Enviada em 17/04/2020

Uma das esculturas mais famosas da Pré-história é a Vênus de Willendorf, a qual  revela uma mulher com características que rementem a fertilidade, como os seios fartos. Essa temática presente na obra mostra como o processo de aleitamento foi valorizado desde os primórdios da sociedade, em virtude de ser essencial para formar pessoas saudáveis e, assim, garantir a propagação da espécie. No entanto, atualmente, fatores como a escassa informação e o tabu associado a amamentação em público contribuem para que essa importante prática perca o seu valor na sociedade brasileira.

A priori, ainda há, no Brasil, uma incipiente orientação das mulheres sobre o aleitamento que as tornam vulneráveis a mecanismos aproveitadores. Isso ocorre porque, diversas indústrias de Fórmulas e substituintes do leite materno usam a insegurança mãe para fazê-la comprar um produto, muitas vezes, não é necessário.  Nesse sentindo, como já foi observado pelo sociólogo Michel Foucault, existe uma relação intrínseca entre poder e conhecimento, pois ao entender o contexto em que vive, o indivíduo pode agir produtivamente na alteração de uma conjunta opressora, todavia, a escassa informação acerca dos mitos que rodeiam a amamentação impede que as mulheres adquiram poder e, por conseguinte, combatam empresas que só visam o lucro em detrimento da saúde infantil.
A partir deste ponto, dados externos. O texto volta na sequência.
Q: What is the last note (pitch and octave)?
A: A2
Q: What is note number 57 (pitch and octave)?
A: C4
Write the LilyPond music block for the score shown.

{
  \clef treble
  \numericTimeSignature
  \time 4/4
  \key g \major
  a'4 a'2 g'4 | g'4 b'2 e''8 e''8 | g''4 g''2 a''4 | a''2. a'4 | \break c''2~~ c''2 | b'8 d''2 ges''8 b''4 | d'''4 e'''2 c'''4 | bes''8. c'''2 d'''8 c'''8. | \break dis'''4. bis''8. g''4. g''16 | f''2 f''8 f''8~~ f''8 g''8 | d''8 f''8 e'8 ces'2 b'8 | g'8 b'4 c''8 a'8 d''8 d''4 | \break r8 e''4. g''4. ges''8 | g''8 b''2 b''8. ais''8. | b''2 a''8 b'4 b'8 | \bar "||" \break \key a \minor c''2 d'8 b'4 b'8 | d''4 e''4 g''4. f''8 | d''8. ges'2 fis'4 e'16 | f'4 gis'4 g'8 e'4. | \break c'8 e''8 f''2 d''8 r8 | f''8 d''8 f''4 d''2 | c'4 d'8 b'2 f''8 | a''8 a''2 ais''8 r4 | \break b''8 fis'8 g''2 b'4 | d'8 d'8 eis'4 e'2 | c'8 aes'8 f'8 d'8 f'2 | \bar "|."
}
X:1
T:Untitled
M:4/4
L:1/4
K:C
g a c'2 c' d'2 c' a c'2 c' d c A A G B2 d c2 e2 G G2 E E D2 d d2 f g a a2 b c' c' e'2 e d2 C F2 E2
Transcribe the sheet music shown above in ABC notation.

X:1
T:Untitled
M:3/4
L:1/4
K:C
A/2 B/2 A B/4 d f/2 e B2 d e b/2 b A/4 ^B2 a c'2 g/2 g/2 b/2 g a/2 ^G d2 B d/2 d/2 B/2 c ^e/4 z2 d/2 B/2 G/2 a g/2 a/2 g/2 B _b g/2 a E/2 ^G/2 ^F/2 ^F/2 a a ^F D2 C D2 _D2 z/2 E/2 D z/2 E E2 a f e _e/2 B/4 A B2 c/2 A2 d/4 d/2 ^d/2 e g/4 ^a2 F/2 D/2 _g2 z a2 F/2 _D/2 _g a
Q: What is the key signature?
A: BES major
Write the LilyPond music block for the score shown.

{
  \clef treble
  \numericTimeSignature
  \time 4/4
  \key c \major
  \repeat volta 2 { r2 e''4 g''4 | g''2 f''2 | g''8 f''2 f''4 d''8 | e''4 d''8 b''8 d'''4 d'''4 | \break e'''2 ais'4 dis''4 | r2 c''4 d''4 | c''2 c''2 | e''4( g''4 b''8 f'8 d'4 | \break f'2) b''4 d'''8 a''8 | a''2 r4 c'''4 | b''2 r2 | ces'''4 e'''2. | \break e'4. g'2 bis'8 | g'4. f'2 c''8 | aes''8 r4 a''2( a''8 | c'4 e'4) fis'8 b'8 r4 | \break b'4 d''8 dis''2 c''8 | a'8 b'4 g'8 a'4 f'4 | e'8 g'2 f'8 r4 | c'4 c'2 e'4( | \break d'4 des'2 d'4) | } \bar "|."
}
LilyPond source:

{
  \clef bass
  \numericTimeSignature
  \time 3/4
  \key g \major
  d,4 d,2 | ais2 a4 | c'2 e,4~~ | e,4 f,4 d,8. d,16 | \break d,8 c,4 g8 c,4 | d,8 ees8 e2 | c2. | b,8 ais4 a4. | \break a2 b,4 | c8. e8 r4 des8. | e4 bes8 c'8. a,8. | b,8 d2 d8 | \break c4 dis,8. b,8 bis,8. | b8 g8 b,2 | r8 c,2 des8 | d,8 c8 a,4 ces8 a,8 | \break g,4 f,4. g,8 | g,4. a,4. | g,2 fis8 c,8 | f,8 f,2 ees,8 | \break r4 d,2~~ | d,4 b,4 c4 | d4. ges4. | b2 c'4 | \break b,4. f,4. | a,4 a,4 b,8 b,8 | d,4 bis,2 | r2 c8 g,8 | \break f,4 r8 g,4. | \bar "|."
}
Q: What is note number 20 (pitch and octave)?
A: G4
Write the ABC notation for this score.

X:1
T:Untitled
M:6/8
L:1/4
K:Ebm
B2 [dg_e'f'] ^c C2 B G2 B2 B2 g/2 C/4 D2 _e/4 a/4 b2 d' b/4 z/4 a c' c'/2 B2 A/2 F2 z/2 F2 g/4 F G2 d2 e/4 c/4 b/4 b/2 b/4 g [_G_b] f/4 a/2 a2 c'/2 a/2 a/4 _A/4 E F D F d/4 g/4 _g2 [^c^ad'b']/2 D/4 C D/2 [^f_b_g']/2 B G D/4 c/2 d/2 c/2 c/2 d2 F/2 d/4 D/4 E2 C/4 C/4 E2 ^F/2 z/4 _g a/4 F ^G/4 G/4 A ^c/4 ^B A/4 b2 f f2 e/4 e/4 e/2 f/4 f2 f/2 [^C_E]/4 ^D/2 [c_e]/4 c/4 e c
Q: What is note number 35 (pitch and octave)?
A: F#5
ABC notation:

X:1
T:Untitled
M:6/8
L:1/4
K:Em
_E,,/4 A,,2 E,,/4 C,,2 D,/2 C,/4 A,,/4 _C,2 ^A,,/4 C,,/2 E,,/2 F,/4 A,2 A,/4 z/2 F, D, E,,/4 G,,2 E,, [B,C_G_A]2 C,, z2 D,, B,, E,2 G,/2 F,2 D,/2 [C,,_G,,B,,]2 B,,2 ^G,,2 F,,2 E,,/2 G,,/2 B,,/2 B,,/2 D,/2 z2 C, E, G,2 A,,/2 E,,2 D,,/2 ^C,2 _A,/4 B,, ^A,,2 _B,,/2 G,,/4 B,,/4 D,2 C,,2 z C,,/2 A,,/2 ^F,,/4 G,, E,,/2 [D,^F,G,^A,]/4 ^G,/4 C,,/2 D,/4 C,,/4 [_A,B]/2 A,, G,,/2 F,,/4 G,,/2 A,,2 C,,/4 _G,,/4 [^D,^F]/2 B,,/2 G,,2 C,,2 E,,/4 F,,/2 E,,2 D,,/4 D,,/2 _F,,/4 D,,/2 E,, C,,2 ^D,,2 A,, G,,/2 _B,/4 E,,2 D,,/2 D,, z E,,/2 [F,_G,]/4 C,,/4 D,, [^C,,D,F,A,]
Em segunda análise, o preconceito atrelado à amamentação em lugares públicos desestimula as mulheres a persistirem nos 6 meses restritos dessa alimentação, como recomenda a OMS (Organização Mundial de Saúde). Diante disso, pode ser apontado com um dos motivantes mais sérios desse comportamento maléfico, a erotização do corpo feminino, presente desde a Idade Média, em que o pensamento teológico dominante ligava a mulher ao pecado. Assim, se antes ocorria a caça às bruxas quando mulheres evocavam domínio sobre seus corpos, hoje, o cerceamento da liberdade ocorre de forma mais sutil, e não  por uma instituição única como a Igreja, mas pela própria sociedade, quando as mães são constrangidas ao amamentarem seus filhos em ambientes compartilhados. Dessa forma, tal postura fere não só o direito da mãe de ir e vir, mas também o da criança de receber alimento, ambos assegurados na Constituição Brasileira.

Portanto, a fim de potencializar o aleitamento materno no Brasil, é mister que o Ministério da Saúde, atrelado à Sociedade Brasileira de Pediatria, amplie a circulação de informações sobre a amamentação no país. Isso pode ocorrer com a criação de feiras semestrais, nas principais praças públicas de todos municípios, em que obstetras e psicólogos instruam, não somente a mãe, mas toda a população, com o fito de criar uma rede de apoio às mulheres que estão amamentando e reduzir o preconceito associado a esse ato. Dessa maneira, será possível valorizar o aleitamento tal como faziam nossos ancestrais.